*ABOUT THIS TASK*. For the records below, please print exactly and only the lines from the one with "At this point, you" down to the one with "The Risk form", both ends included, omitting the pictures.

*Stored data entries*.
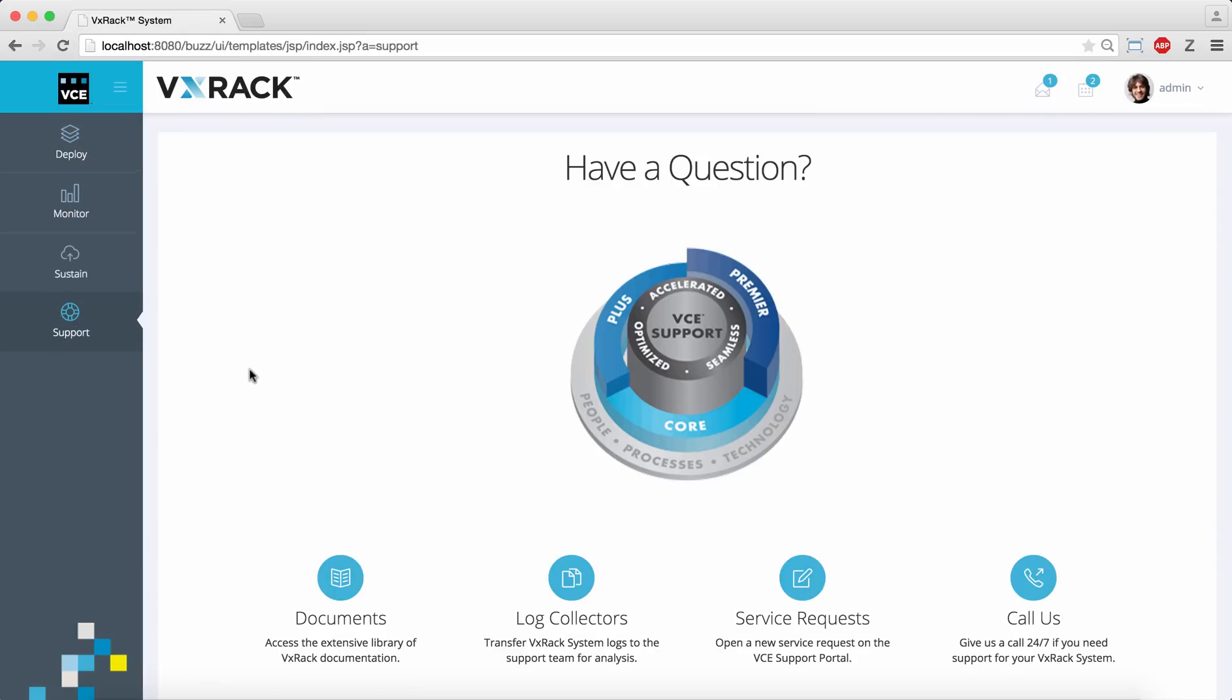Finally, the support page allows us to access the system documentation and open service tickets with VCE, who are there to support your VxRack system as a single entity. That concludes the preview of the VxRack system management UI. Thanks for taking the time to watch.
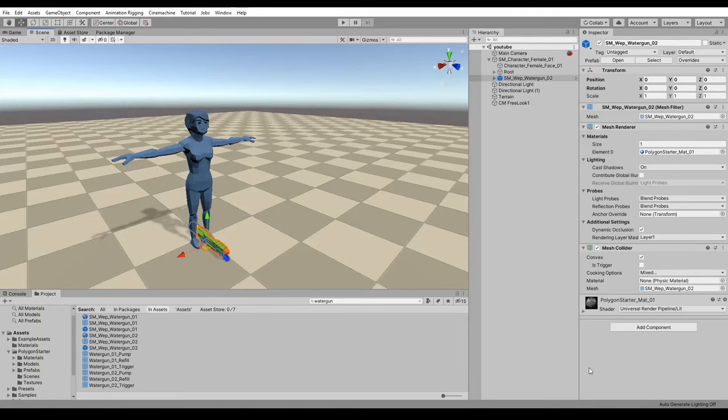Kia ora, welcome back. In this tutorial, I'm going to show you how to make a character hold a weapon with zero code. Unity does have an inbuilt IK solution, but we're not going to use that just because it requires some scripting and a few things to be hooked up.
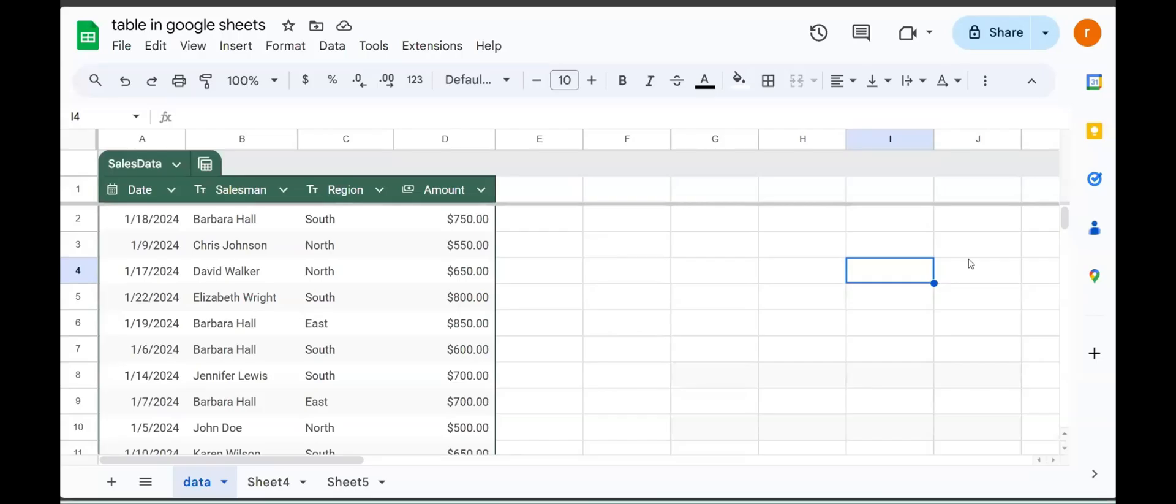Yes, once again, welcome back to this YouTube channel. Today I'm going to look at how we can reference the values in the table in Google Sheets. In the last video, I showed you how to use tables in Google Sheets, and we did create this table here. So in this video, what I want to do is show how do we use these different columns in our sheet elsewhere.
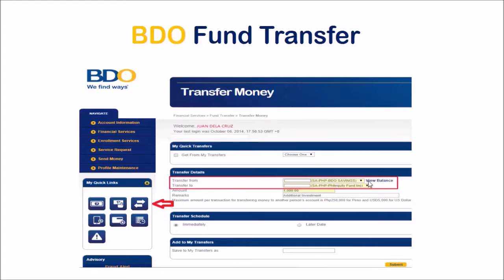For BDO Fund Transfer, on the other hand, this is how it looks like. To get to this option, you just have to click these arrows or go to Account Information, and you'll find there an option to transfer money. What's different here is that you have to choose Transfer From from the list of BDO accounts that you have enrolled, and Transfer To also has a drop-down menu, which means that you can only send money to those that you have enrolled to your BDO Online Banking account.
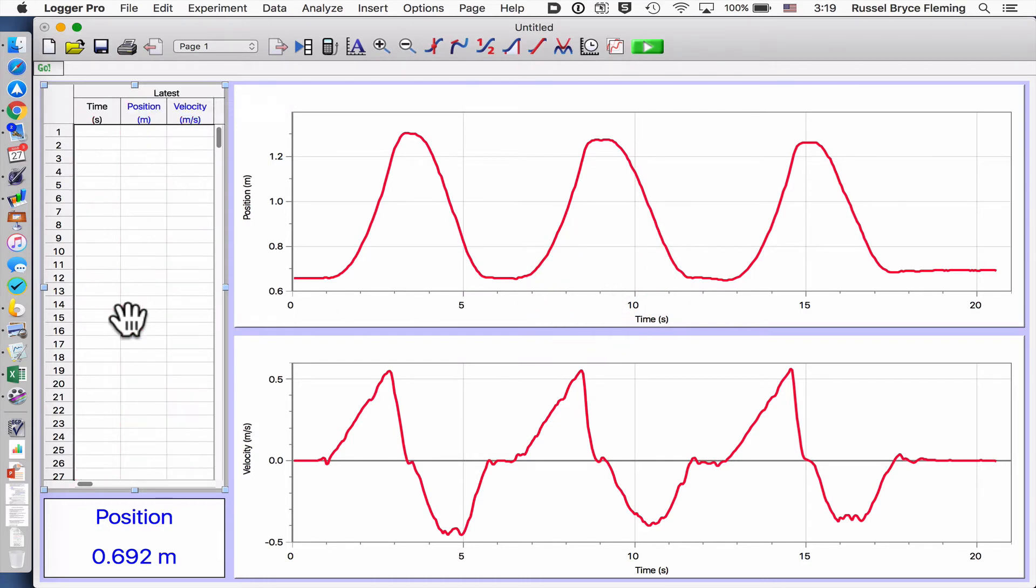I'm going to now repeat this after moving one of my five gram masses onto the hanging mass for the pulling force.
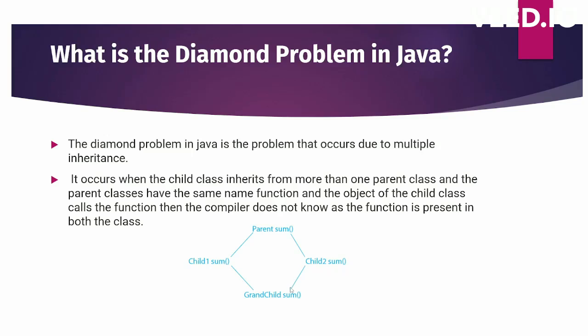But when grandchild tries to extend child one and child two, Java will not allow it. This is called the diamond problem. You see this diamond-like structure - this is the diamond problem of multiple inheritance which is not allowed in Java. The Java compiler will throw an error.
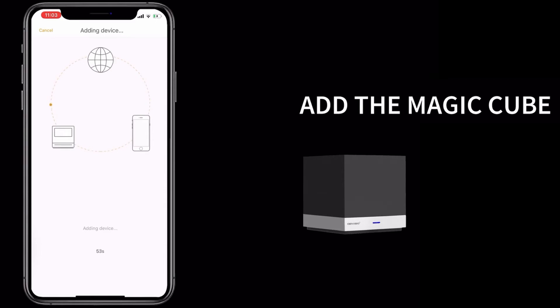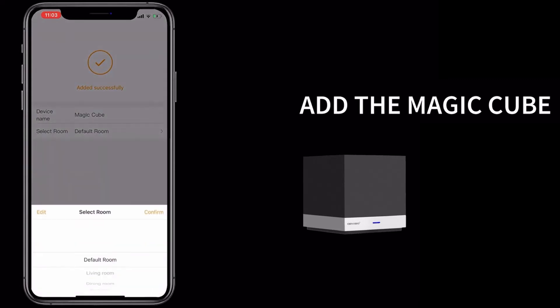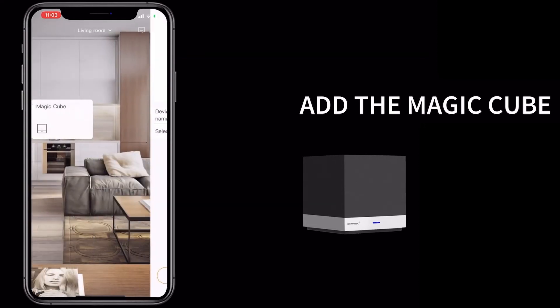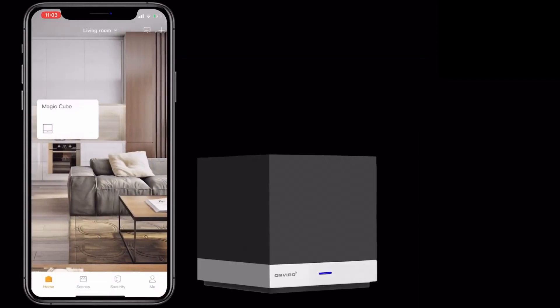Step 2: Add the MagicCube to your app. And once you complete this process, you can select the device you want your MagicCube to control.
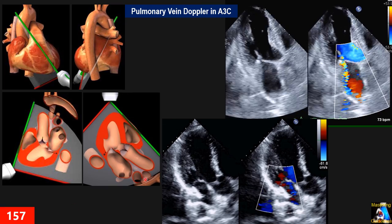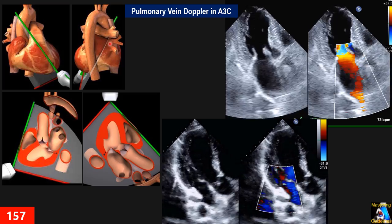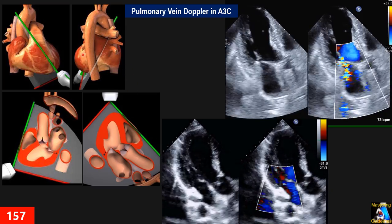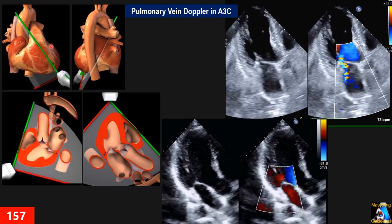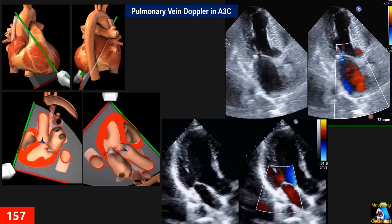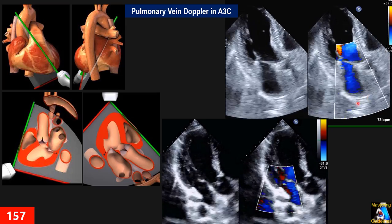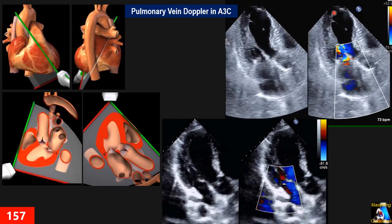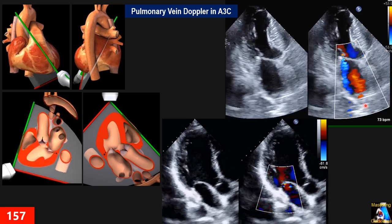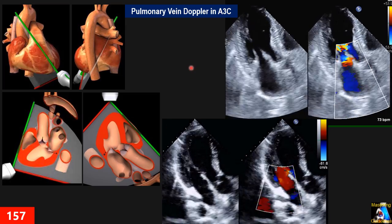Pulmonary vein Doppler from the apical three-chamber view: here our sector passes through close to the entrance of both right pulmonary veins. To get pulmonary vein Doppler from this window, fan a little to the right of the patient or twist a little more counterclockwise. Suddenly you can find the right pulmonary vein — it may not be clear whether it's upper or lower, but either is fine. Our cursor becomes parallel to the flow, allowing a very nice pulsed wave Doppler on the pulmonary vein. The area near the entrance is a perfect spot for placing the sample volume.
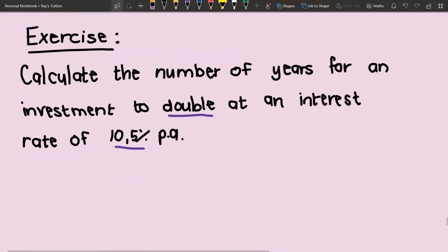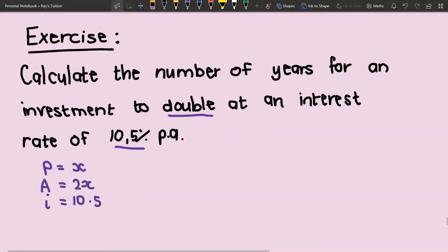This is a common question where they don't specify the amount — it just specifies the relationship. For our principal we can let it be any variable, let's call it x, and our accumulated amount just needs to be double that. Our interest rate is 10.5 percent per annum, and we want to know the number of years it would take to double.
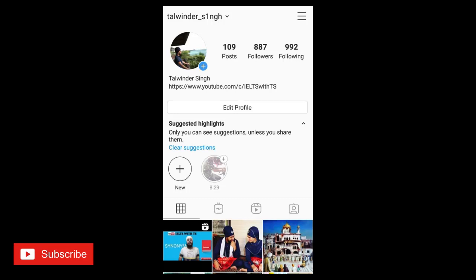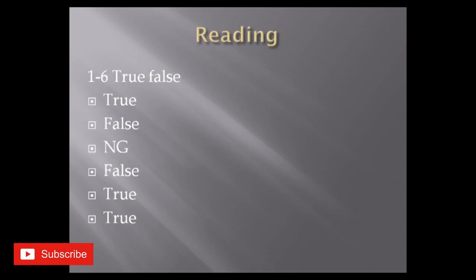Hey everybody, this is Talvinder Singh. I am back with reading answers of IELTS test which was on 29th August 2020 in the morning slot. From first to six there were true false. The first one was true, then second false, third one not given, fourth false, fifth and sixth both were true.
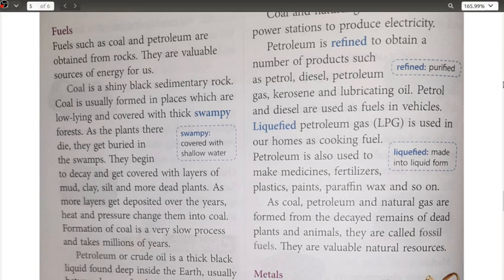Fuels such as coal and petroleum are obtained from rocks; they are valuable sources of energy. Coal is a shiny black sedimentary rock, usually formed in places which are low-lying and covered with thick swampy forest. As plants die, they get buried in the swamps, begin to decay, and get covered with layers of mud, clay, silt, and rotted plants. As more and more layers get deposited over the years, heat and pressure change them into coal. Formation of coal is a very slow process taking millions of years.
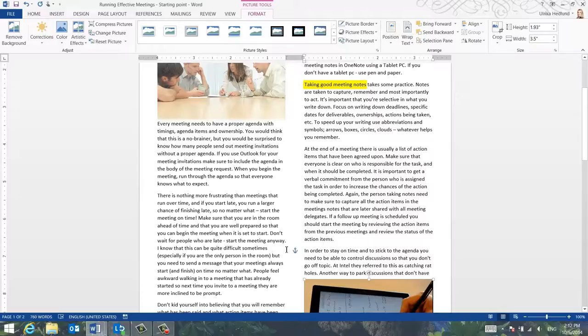So to anchor the image with that text, I'll just grab the anchor and move it to that paragraph.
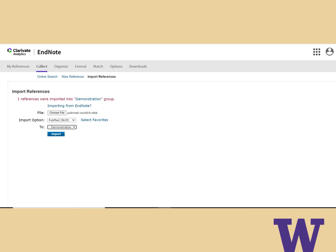At this point, you have successfully exported your citations out of PubMed and are ready to import them into EndNote. Go to EndNote and under the Collect tab, choose Import References.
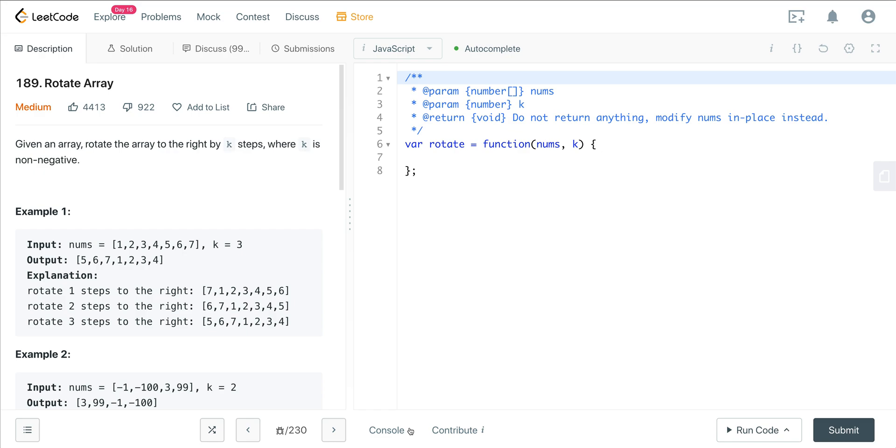What's going on everyone? So today we are looking at LeetCode number 189. It is a question called rotate array. Here we're given an array and we want to rotate the array to the right by k steps where k is non-negative.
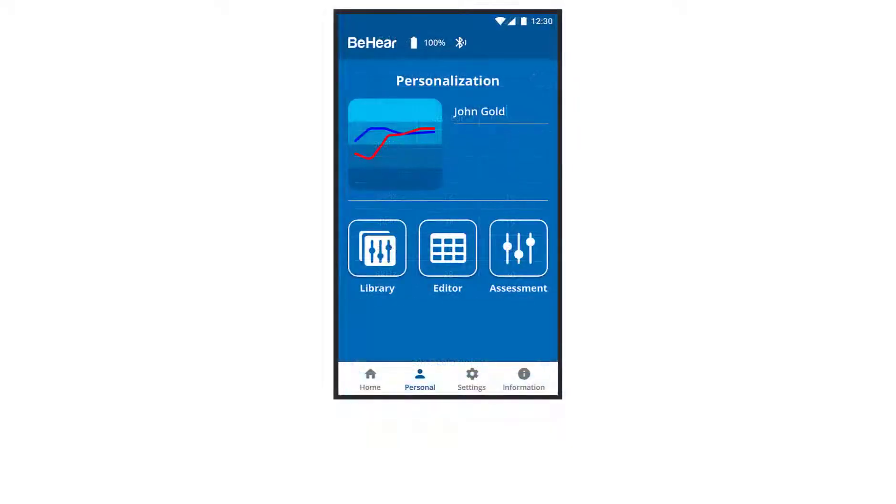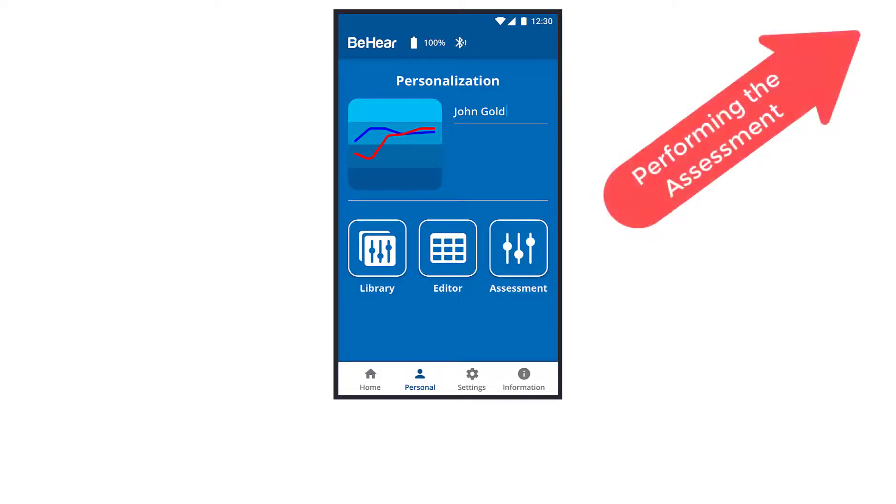Tap the assessment icon to access the hearing assessment, either to perform the test or to review and or edit the results. If you want to learn about performing the hearing assessment, watch this video.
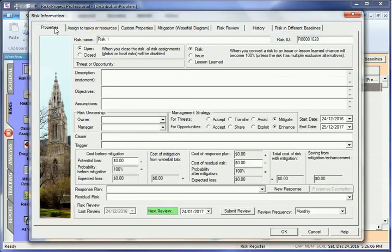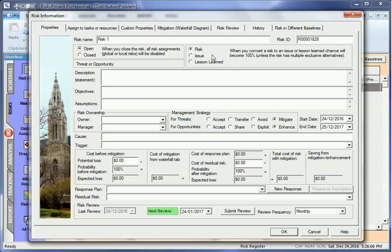The Risk form allows you to provide additional information about the risk, including Description, Risk Lifecycle, Owner or Manager, and Management Strategy.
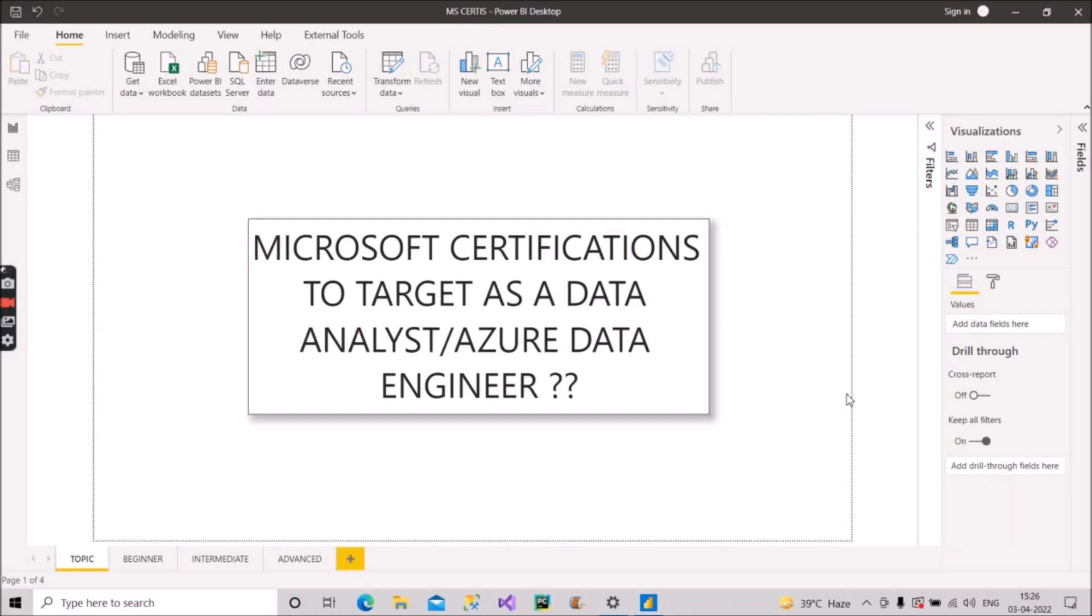Hey guys, welcome back with another video on our channel Learn With Geeks. In this video I will discuss with you the Microsoft certifications to target as a data analyst or as an Azure Data Engineer, because most of us are not clear exactly about these certifications, as was the case with me too.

*ANSWER AREA*.
At this point, you have successfully exported your citations out of PubMed and are ready to import them into EndNote. Go to EndNote and under the Collect tab, choose Import References.
What's going on everyone? So today we are looking at LeetCode number 189. It is a question called rotate array. Here we're given an array and we want to rotate the array to the right by k steps where k is non-negative.
Tap the assessment icon to access the hearing assessment, either to perform the test or to review and or edit the results. If you want to learn about performing the hearing assessment, watch this video.
The Risk form allows you to provide additional information about the risk, including Description, Risk Lifecycle, Owner or Manager, and Management Strategy.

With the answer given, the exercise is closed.